Tsarist Russia was not an “advanced capitalist country” – at least not in a “pure” sense. Indeed, the tendency toward the combination of social forms (which exists in advanced capitalist countries but “reveals itself most sharply” in backward ones) meant that advanced capitalism was intertwined with semi-feudal relations in Tsarist Russia, and it is this backward side that was repeatedly emphasized by Trotsky. In “Results and Prospects,” he wrote that “the main characteristic of Russian social development is its comparative primitiveness and slowness,” while in The Revolution Betrayed he recalled:

“Russia took the road of proletarian revolution, not because her economy was the first to become ripe for a socialist change, but because she could not develop further on a capitalist basis.

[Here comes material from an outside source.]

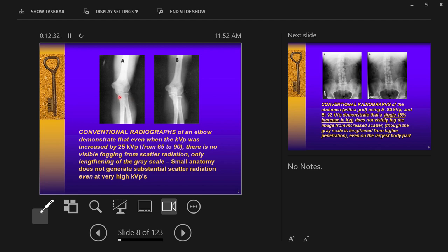Two AP elbow radiographs are compared: one taken at 65 kVP and one at 90 kVP. They demonstrate that there is not a big change in image quality — only a small change in grayscale. Raising kVP from 65 to 90 allows more of the x-ray beam to pass through the patient, letting you lower the actual amount of radiation used, with no visible fogging from scatter radiation, only a lengthening of the grayscale.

Socialization of the means of production had become a necessary condition for bringing the country out of barbarism. That is the law of combined development for backward countries.”

So what distinguished Tsarist Russia from neocolonial countries, whose economies were also forged in the nexus of advanced capitalism and pre-existing “backward” structures? Clearly it is insufficient, from a Marxist perspective, simply to isolate economic criteria such as the organic composition of capital or labor productivity to determine a country’s imperialist status. Such analysis must be part of a richer materialist appreciation that places a country in its historical and global context. In The History of the Russian Revolution, Trotsky observes:

“Russia’s participation in the war [WWI] was self-contradictory both in motives and in aims. That bloody struggle was waged essentially for world domination. In this sense it was beyond Russia’s scope. The war aims of Russia herself (the Turkish Straits, Galicia, Armenia) were provincial in character, and to be decided only incidentally according to the degree in which they answered the interests of the principal contestants.
“At the same time Russia, as one of the great powers, could not help participating in the scramble of the advanced capitalist countries, just as in the preceding epoch she could not help introducing shops, factories, railroads, rapid-fire guns and airplanes. The not infrequent disputes among Russian historians of the newest school as to how far Russia was ripe for present-day imperialist policies often fall into mere scholasticism, because they look upon Russia in the international arena as isolated, as an independent factor, whereas she was but one link in a system.”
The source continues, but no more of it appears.